住宅メーカーの積水ハウスが、諫早市の住宅地である分譲住宅の販売を開始しました。そのお値段、なんと1億円。県内初の「高級分譲住宅」の販売に乗り出した背景には、夫婦の働き方の変化と、「質」と「タイパ」のニーズがありました。
コンセプトは「周辺の視線を気にせず、家族が心地よく暮らせる庭を備えたコートハウス」。
中庭を建物が囲うことで、プライバシーを確保しつつ解放感がある住空間を実現しています。選び抜かれた一級建築士が素材や生活の動線にもこだわって設計した、約300平方メートル、軽量鉄骨造平屋建ての3LDK。諫早市貝津町の住宅地に建てられるこの分譲住宅のお値段は、税込み1億140万円です。
積水ハウス西九州支店長崎オフィス松井宏樹支店長:
「佐賀・長崎では初めてですし、正直九州でもほぼない」
新築住宅の着工戸数は全国的に減少傾向で、62年ぶりの低水準となっていて、長崎でも2022年から3年連続で減少しています。(2022年約1万7500戸→2025年約1万1600戸)
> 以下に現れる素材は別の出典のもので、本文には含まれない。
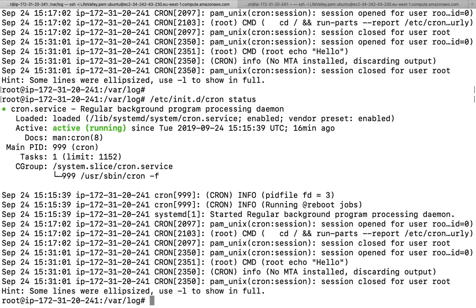If you want to remove all crons, run `crontab -r`. I am not going to run this command because I would have to implement all the cron jobs again. This is how we can set our cron jobs — and this is a very important interview question because people often ask how to set cron jobs.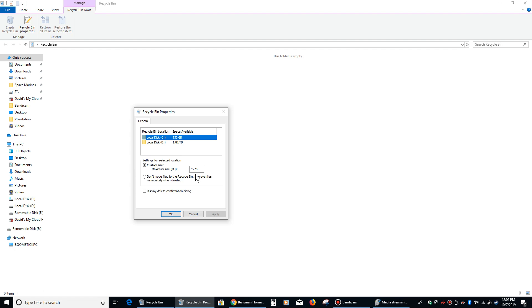You can also select 'Don't move files to the Recycle Bin — remove them immediately when deleted.' I don't ever recommend people do that, because we all make mistakes. We all delete things that we shouldn't, and having things go to the recycle bin is a great way to have a kind of get-out-of-jail-free card on that.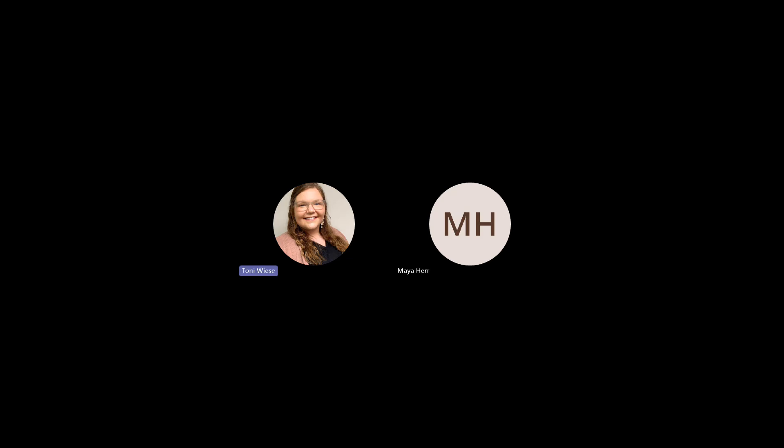Hello, everyone, and welcome. I'm Toni. And I'm Maya. We're incredibly excited to be here with you today as we unveil something truly special.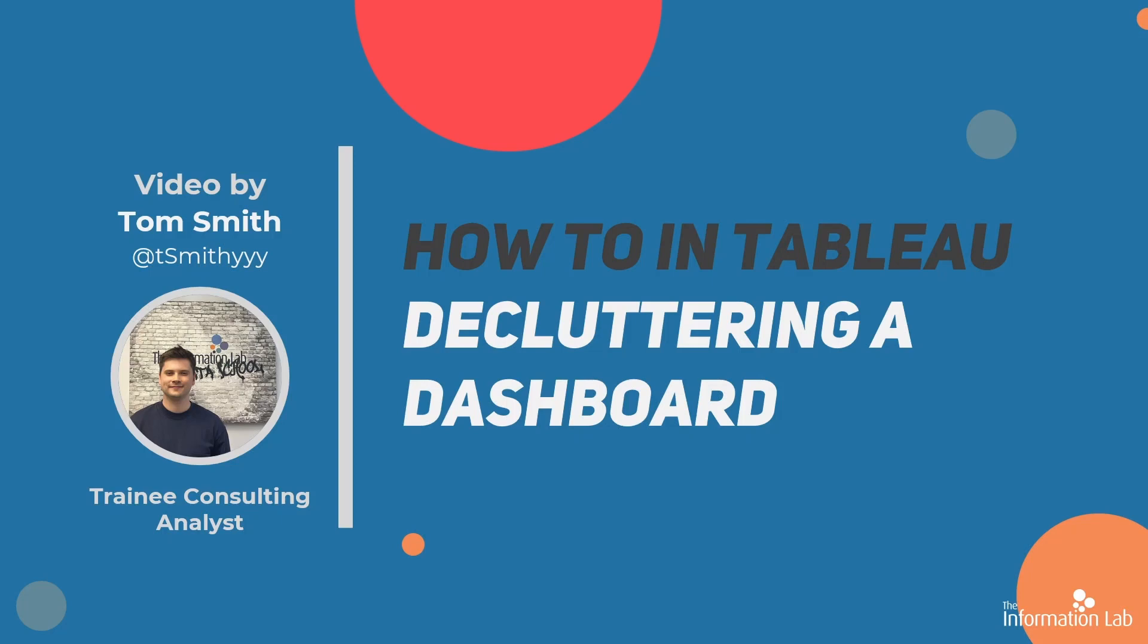In this video, I'm going to show you how to declutter a dashboard in Tableau. This will help you design cleaner dashboards that can make it easier for a user to navigate through your charts and uncover key insights quicker. So let's jump straight into Tableau and get started.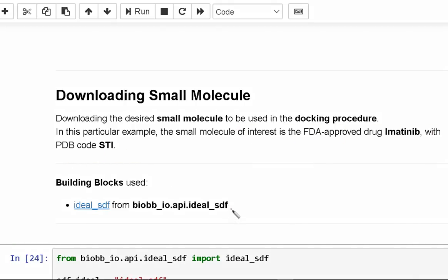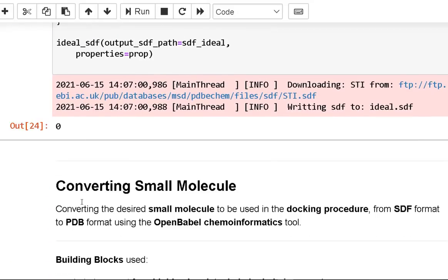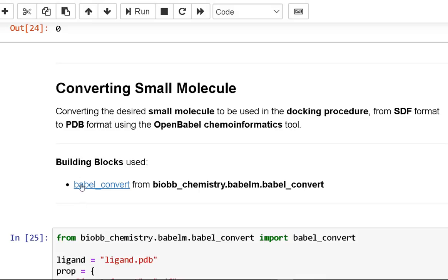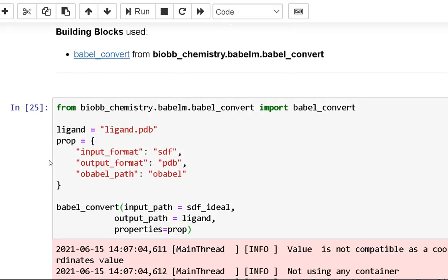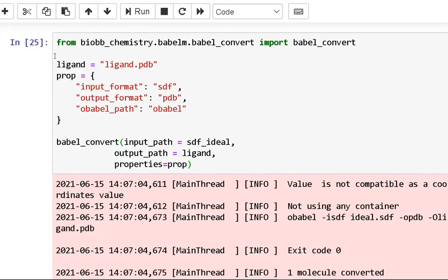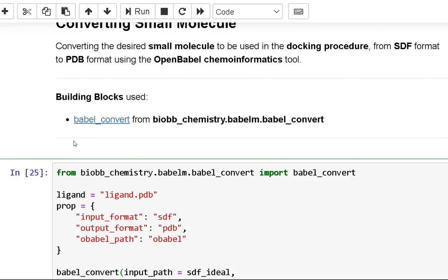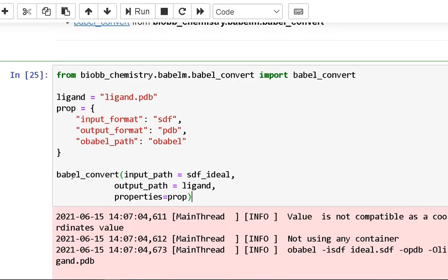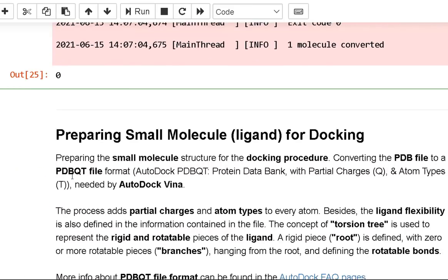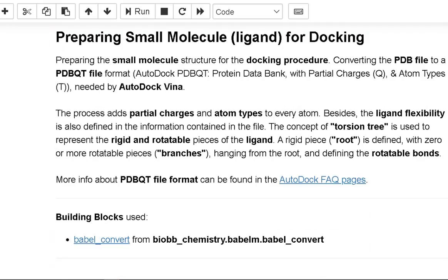For converting the small molecule, we use the Open Babel chemoinformatics tool to convert the relevant small molecule from SDF to PDB format, to be used in the docking technique.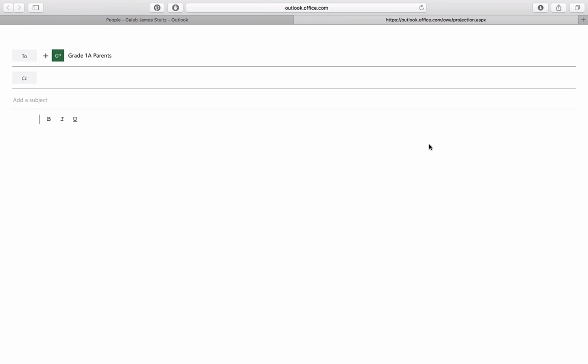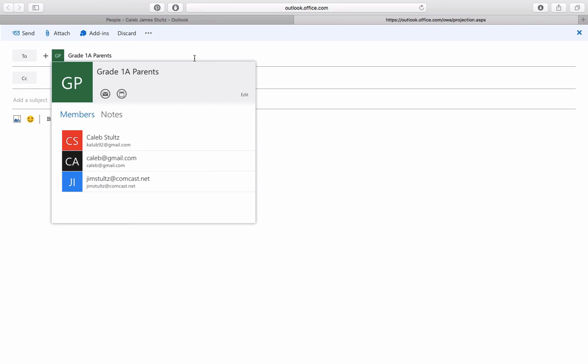And just like that, an email pops up, and it'll send to all of the people on your parent list. I hope this helps with sending out your newsletters.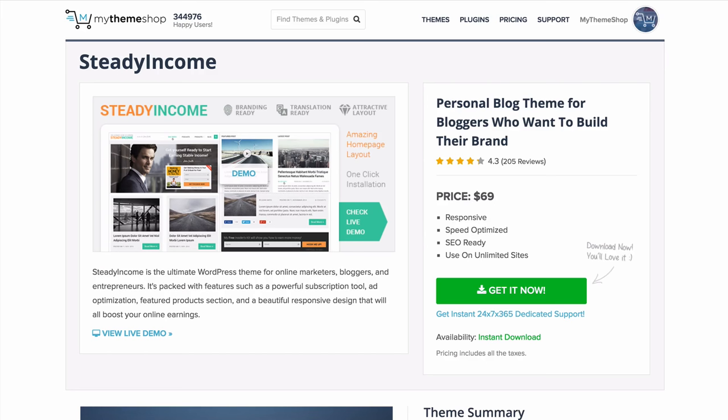That concludes our look around the Steady Income theme. As mentioned, it's a really powerful theme for online marketers, bloggers and entrepreneurs — perfect for bloggers who want to build their brand. If you have any queries, head over to community.mythemeshop.com and we'll be happy to help. I hope this video has been helpful — thank you very much for watching.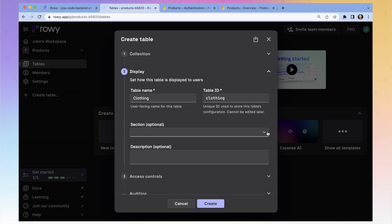Here's the user-facing name — what people will see in ROWE. And this is a table ID that you'll use to reference it if you do any custom coding. If you want a section in ROWE, that's just how it visually organizes things in your workspace. You can set up a bunch of different sections in ROWE to organize your projects. We're not going to do any right now.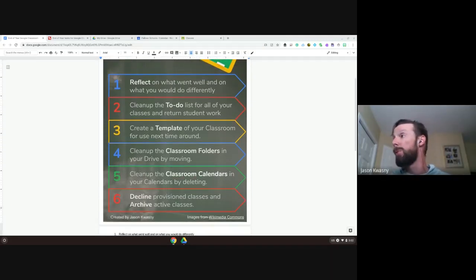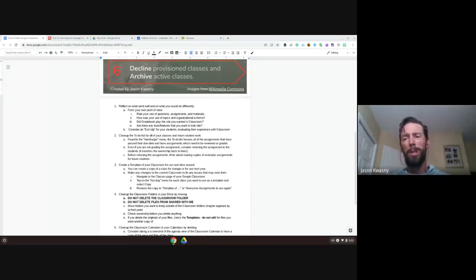Number one is to reflect. I've added some additional notes on page two about what you can do. This is one you're going to do your own personal reflections on — how did it go? How did you use all the different pieces of Classroom? Did you have a good organizational scheme? I had a teacher earlier this year who emailed me saying she ran out of topics in Classroom. Google Classroom has a maximum of 100 topics, and her scheme was using multiple topics per day — sometimes four different topics — so after a month she was done and had to recover.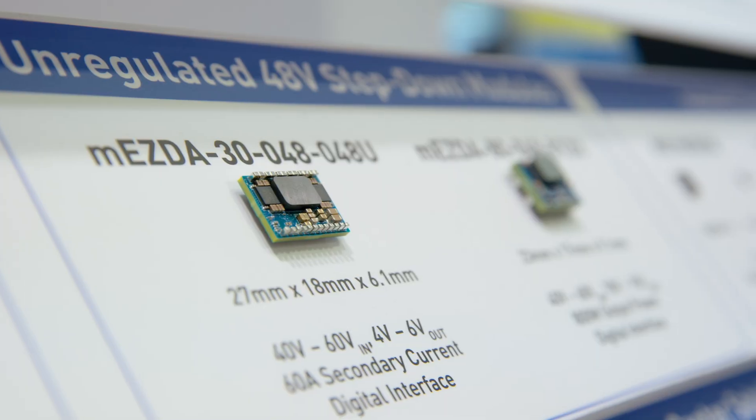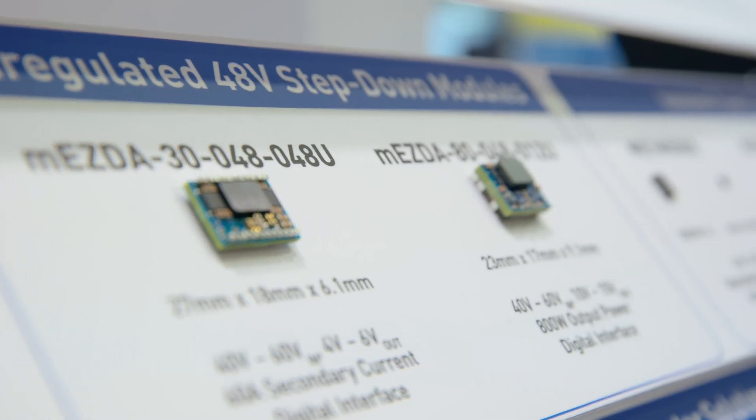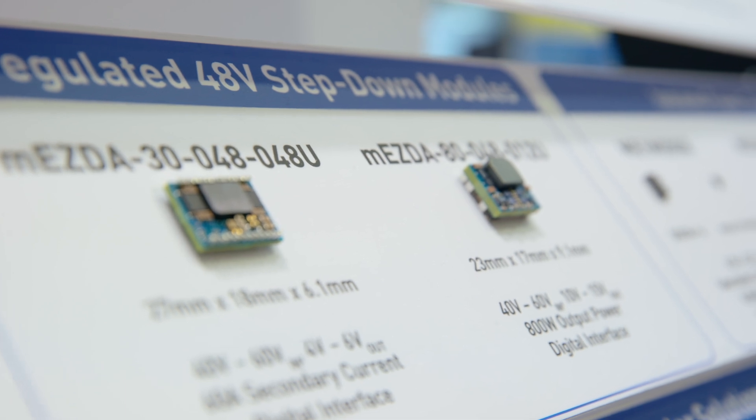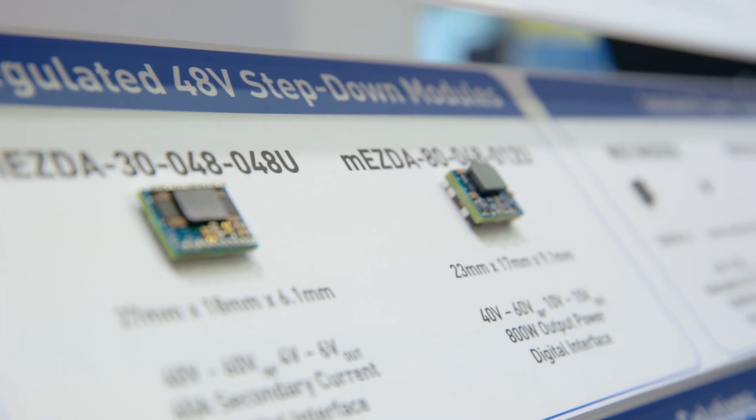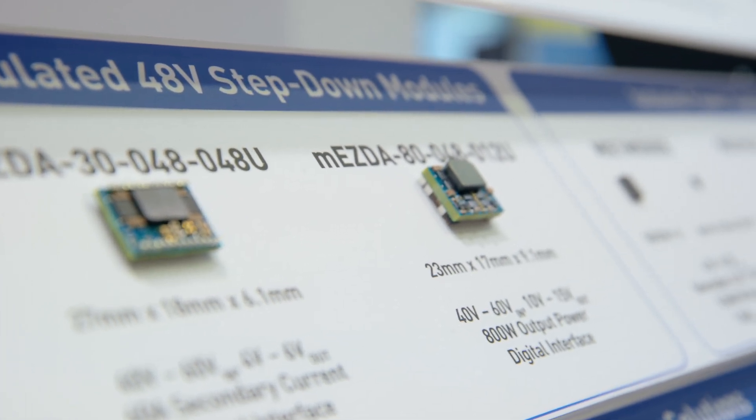So then you can already have an idea of what type of module you will need to power these, how much space they will take, where you can place them on the board. And ideally, this is where this should happen — at the selection of the boards.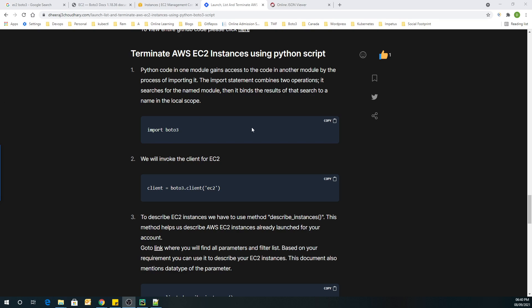Hi guys, welcome back to my channel. In today's video, we are going to see how we can terminate multiple instances based on our requirement. For doing this, we are going to use a Python script.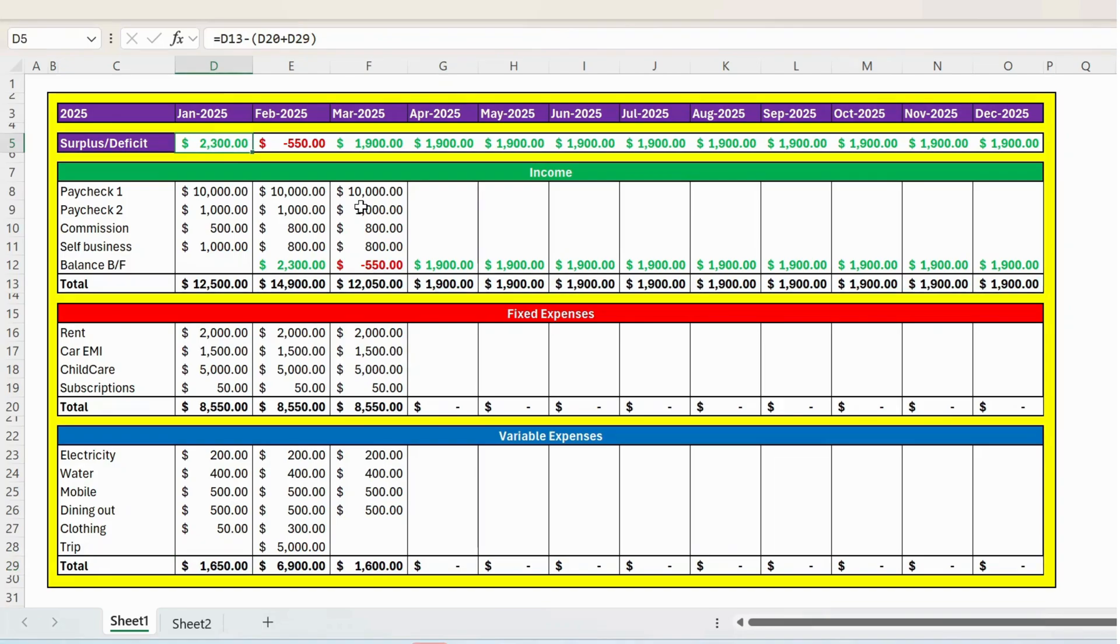Hello everyone, welcome back. In this video, let's see how we can use monthly budget spreadsheet in Excel.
資材価格の高騰や人件費上昇の影響で住宅の価格が上がっていて、購入者側が「価格に見合う価値があるか」を、より慎重に見極めるようになっているとみられます。
積水ハウスによると、長崎でも1億円を超える高額マンションが珍しくない中、共働き世帯の増加により、金銭的に余力のある世帯が増え、「高級マンションと同程度の価格帯であればより広さや自由度のある戸建を検討したい」という声が増えているといいます。
「質にはこだわりたいものの自由度の高い注文住宅の打ち合わせにかける時間がない」という仕事や子育てに忙しい共働き世帯のニーズに応える選択肢として、「1億円の分譲住宅」を提案しました。
積水ハウス西九州支店長崎オフィス松井宏樹支店長:
「長崎での暮らしのひとつの回答をぶつけてみたいなと今回やっている。こういう総額かける人は建売じゃないでしょうという意見を持っている人がたくさんいる。ここの層がいるんじゃないかなと想像しながら今回トライしてみると」
7月中旬に完成予定で、成約すれば、今後も販売を検討していきたいとしています。